• _INFORMATION PROVIDED_
Segment Open

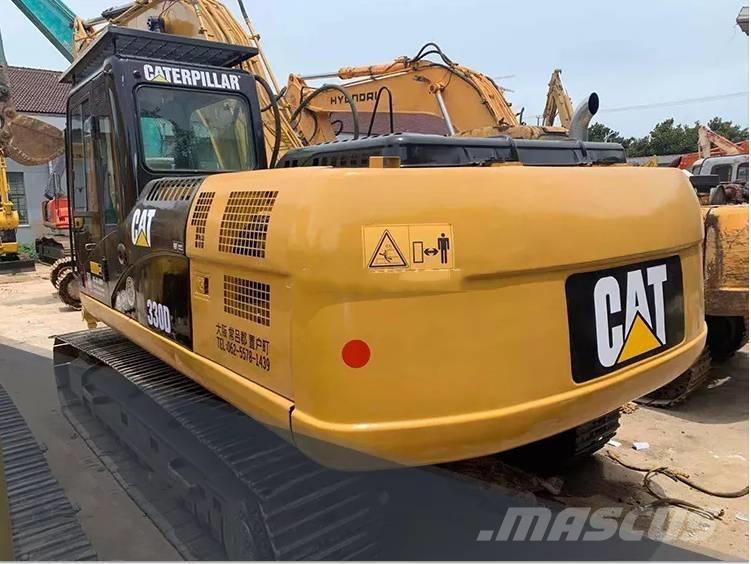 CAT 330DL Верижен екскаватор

Segment Closed
Segment Open

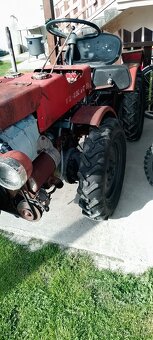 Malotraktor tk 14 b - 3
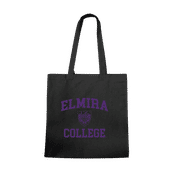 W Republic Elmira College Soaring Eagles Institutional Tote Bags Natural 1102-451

Segment Closed
Segment Open

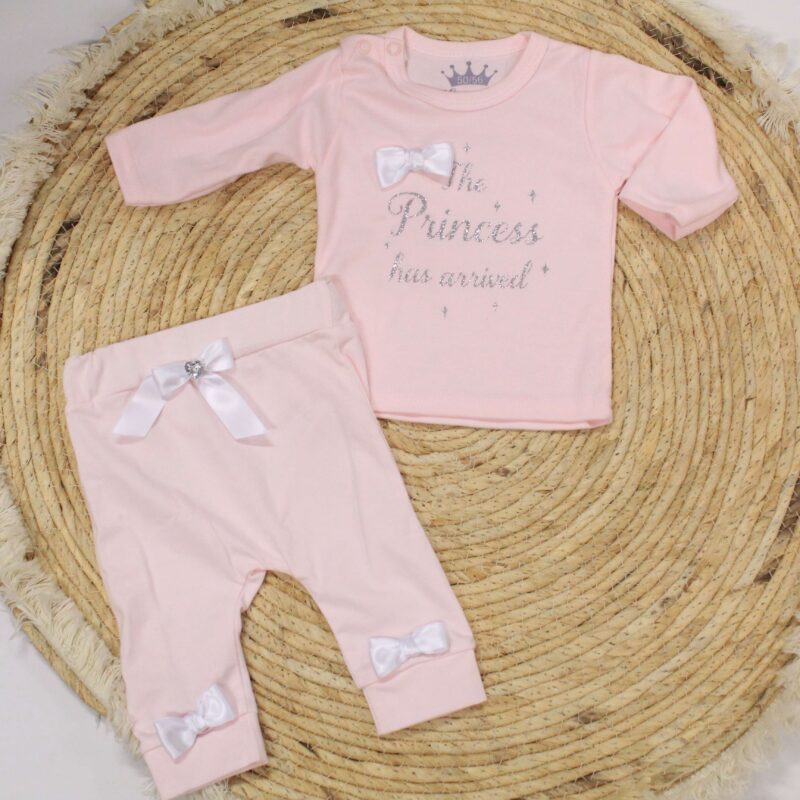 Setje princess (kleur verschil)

Segment Closed

• _PROBLEM STATEMENT_
In the entries above, find the line with "Malotraktor tk 14 b - 3" and the line with "W Republic Elmira". Write out exactly those two lines and every line between them, pictures excluded.

• _OUTPUT FOR THIS TASK_
 Malotraktor tk 14 b - 3
 W Republic Elmira College Soaring Eagles Institutional Tote Bags Natural 1102-451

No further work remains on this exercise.